Introduction to Llama3.3-70B-Instruct
Llama3.3-70B-Instruct is currently the only open-sourced model in the Llama3.3 series, and there is no base large model, only the instruction-optimized version of the model is open-sourced.
According to the official introduction, Llama3.3-70B-Instruct is a pre-trained and instruction-fine-tuned model with a parameter scale of 70 billion, and it is a pure-text large language model, which means it does not support multi-modal input and output, only text input and output. However, Llama3.3-70B-Instruct is a multi-language large model, supporting a total of 8 languages including English, German, French, Italian, Portuguese, Hindi, Spanish, and Thai, but not supporting Chinese.
Llama3.3-70B-Instruct is trained on 15 trillion tokens and supports 128K context input. The knowledge date is as of December 2023.
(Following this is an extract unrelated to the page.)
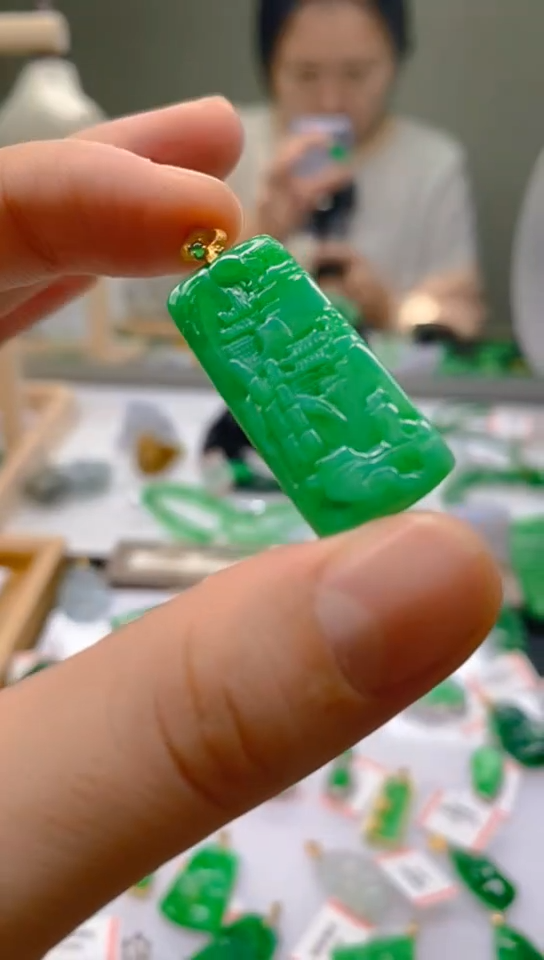 【闪购商品】翡翠颈饰18K金镶嵌新号开播，全场乱卖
The improvement of the model effect mainly relies on the progress of alignment training technology and reinforcement learning. The official Meta simply mentioned that it is based on synthetic data and has done online preference optimization, which can optimize the model in real-time based on the feedback results during the training process.
In addition, Llama3.3-70B-Instruct supports GQA, that is, Grouped-Query Attention, which reduces the computational complexity of the attention mechanism, which is particularly important for a 70-billion-parameter large model like Llama 3.3. In the reasoning stage, it enables the model to generate text at a higher speed.
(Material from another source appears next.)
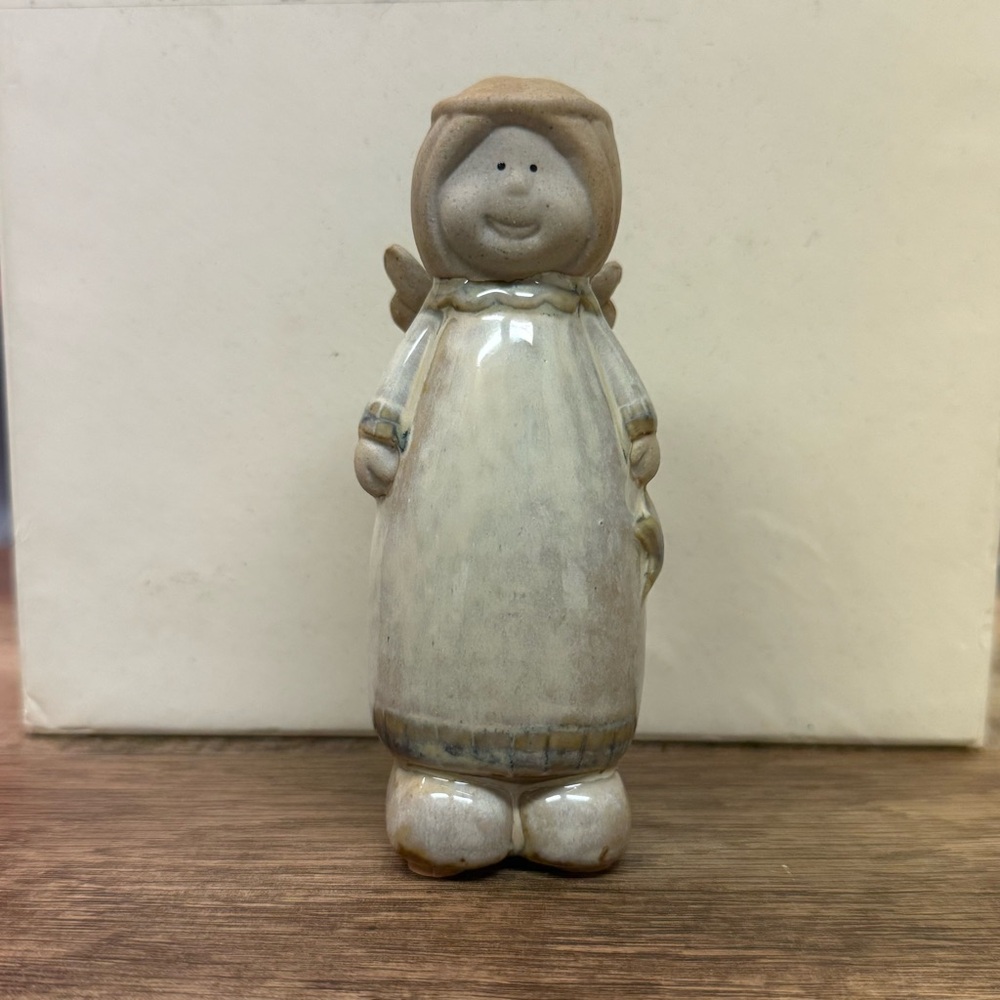 Ceramic angel figurine with wings & star, home decor, 5 inches tall, tan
Evaluation results of Llama3.3-70B-Instruct
Llama3.3-70B-Instruct has surpassed many open-source and closed-source chat models in multiple industry benchmark tests, showing excellent performance.
Especially, the parameter scale of Llama3.3-70B-Instruct is about 70 billion, but the various evaluation indicators are approximately equal to the Llama3.1-405B model with a parameter scale of 405 billion! This means that Llama3.3-70B-Instruct can generate text faster with fewer resources, but the performance is similar to that of a large model with nearly 6 times the parameter scale!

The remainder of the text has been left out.